» TASK DATA:
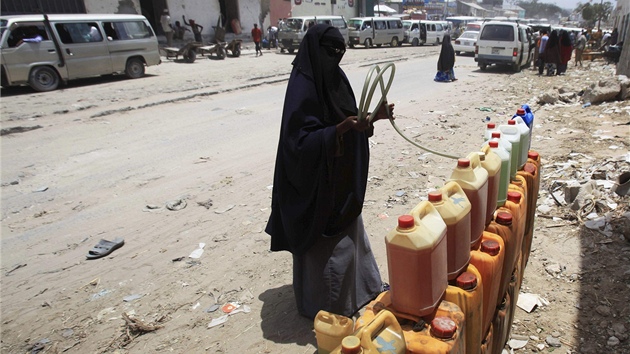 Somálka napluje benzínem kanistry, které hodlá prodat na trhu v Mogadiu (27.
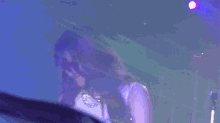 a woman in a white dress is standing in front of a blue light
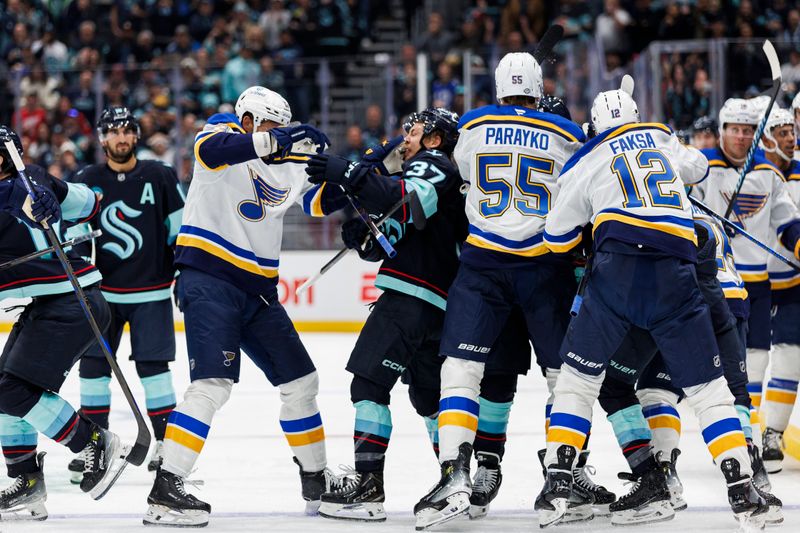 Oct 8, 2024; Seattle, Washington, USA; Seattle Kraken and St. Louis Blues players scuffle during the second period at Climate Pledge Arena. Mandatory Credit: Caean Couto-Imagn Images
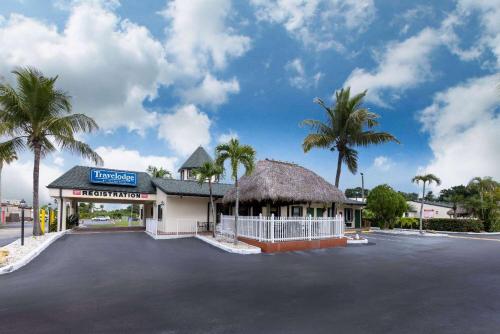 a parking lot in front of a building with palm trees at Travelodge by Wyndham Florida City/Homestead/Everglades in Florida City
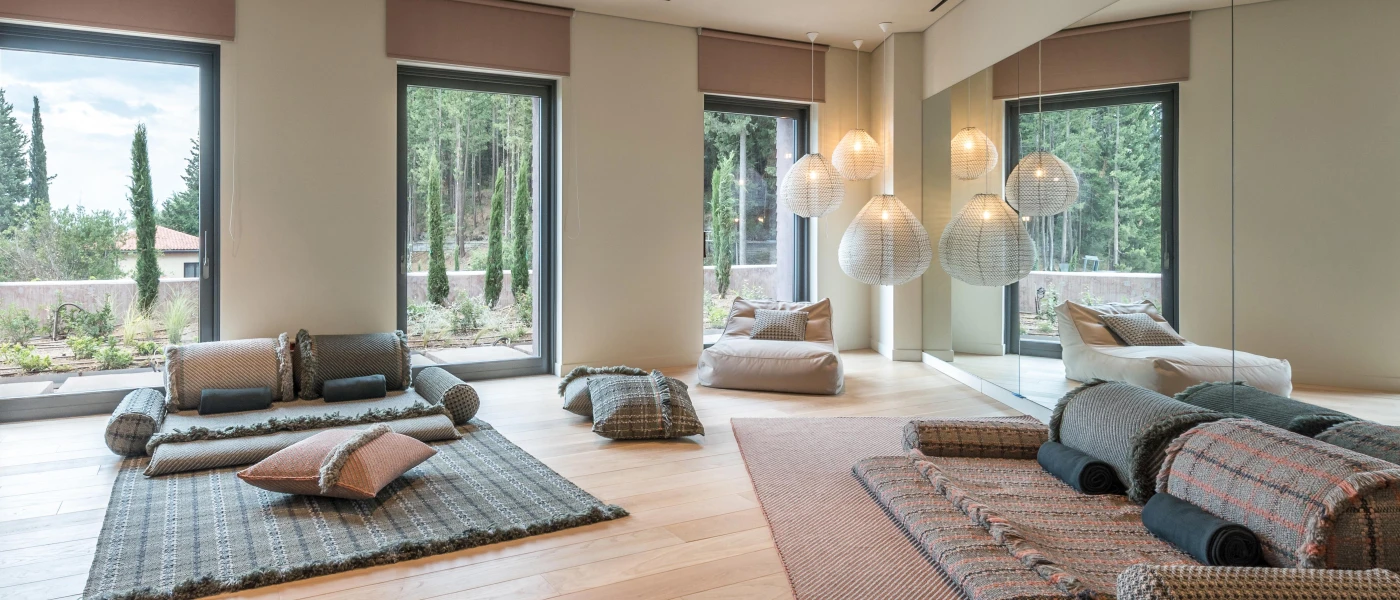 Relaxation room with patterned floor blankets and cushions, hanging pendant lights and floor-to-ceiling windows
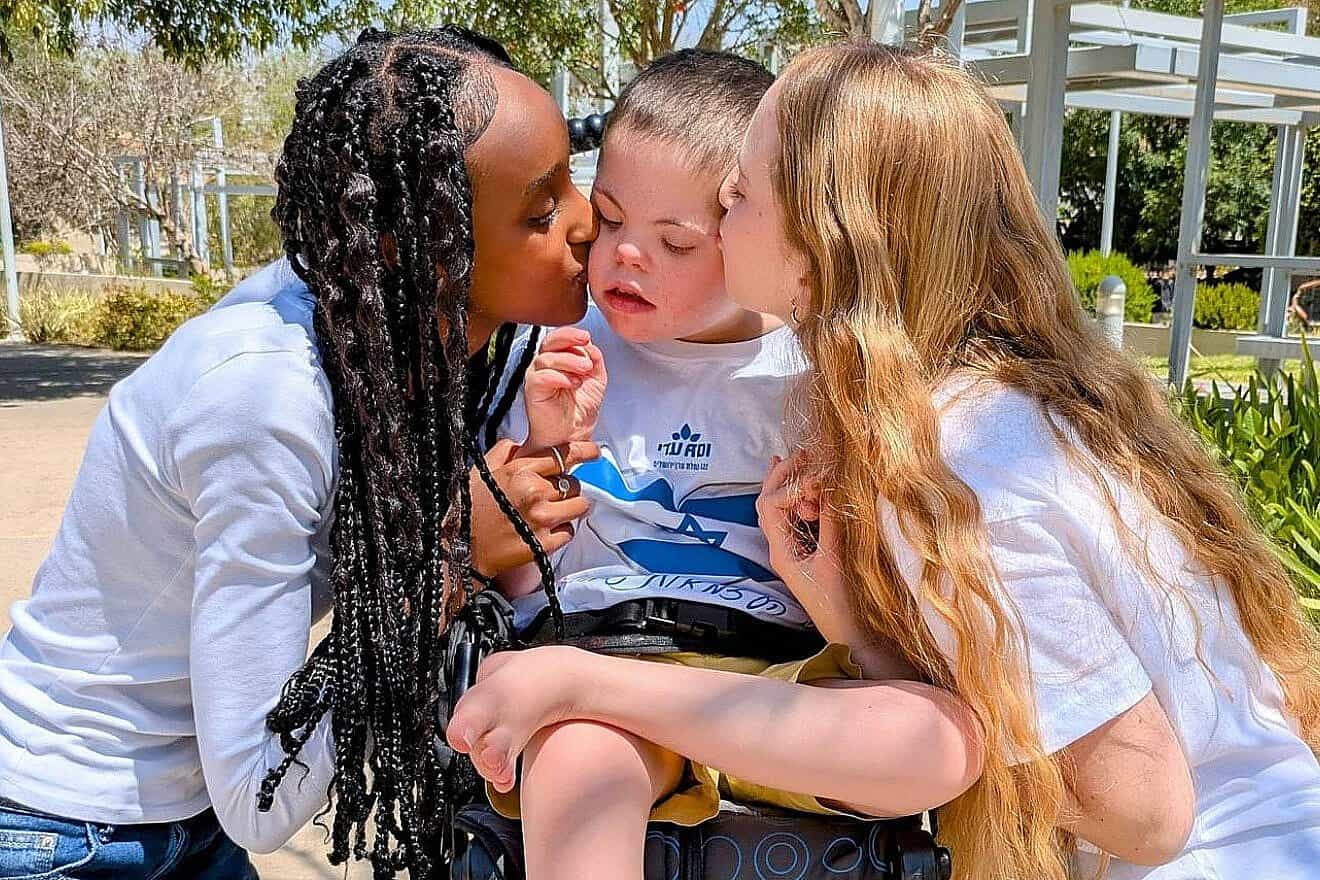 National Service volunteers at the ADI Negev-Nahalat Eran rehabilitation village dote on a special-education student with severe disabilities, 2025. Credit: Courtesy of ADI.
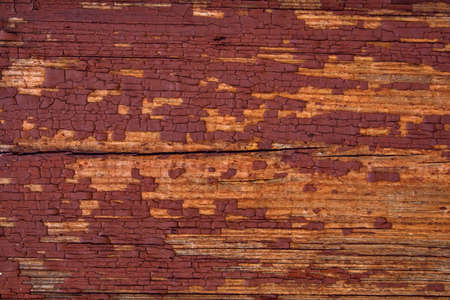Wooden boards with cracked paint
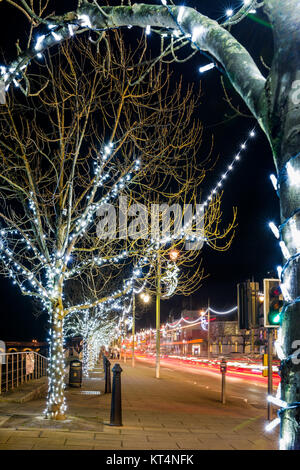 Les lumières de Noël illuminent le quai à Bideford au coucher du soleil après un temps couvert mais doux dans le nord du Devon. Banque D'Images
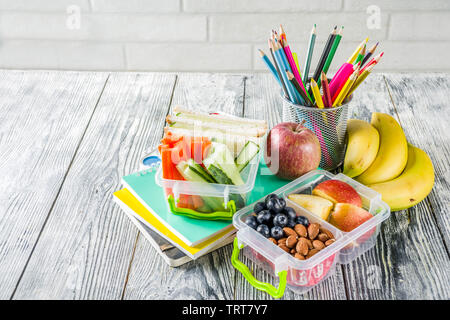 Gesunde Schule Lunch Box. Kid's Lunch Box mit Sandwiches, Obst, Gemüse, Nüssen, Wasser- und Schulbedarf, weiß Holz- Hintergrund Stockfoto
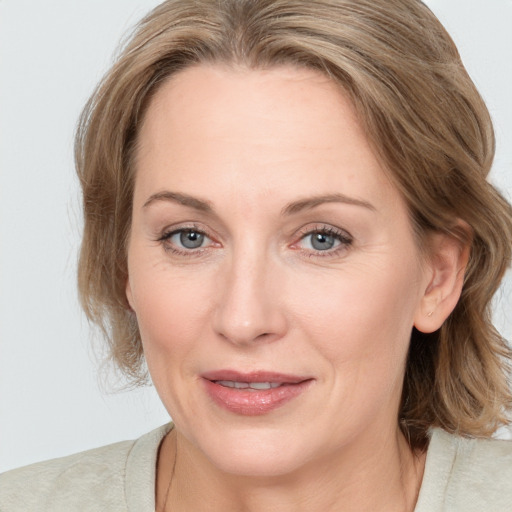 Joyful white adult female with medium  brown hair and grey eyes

» TASK: "Oct 8, 2024;" marks the last line to keep. Retype every line from the start of the entries through that one, exactly, and drop the pictures.

» TASK OUTPUT:
 Somálka napluje benzínem kanistry, které hodlá prodat na trhu v Mogadiu (27.
 a woman in a white dress is standing in front of a blue light
 Oct 8, 2024; Seattle, Washington, USA; Seattle Kraken and St. Louis Blues players scuffle during the second period at Climate Pledge Arena. Mandatory Credit: Caean Couto-Imagn Images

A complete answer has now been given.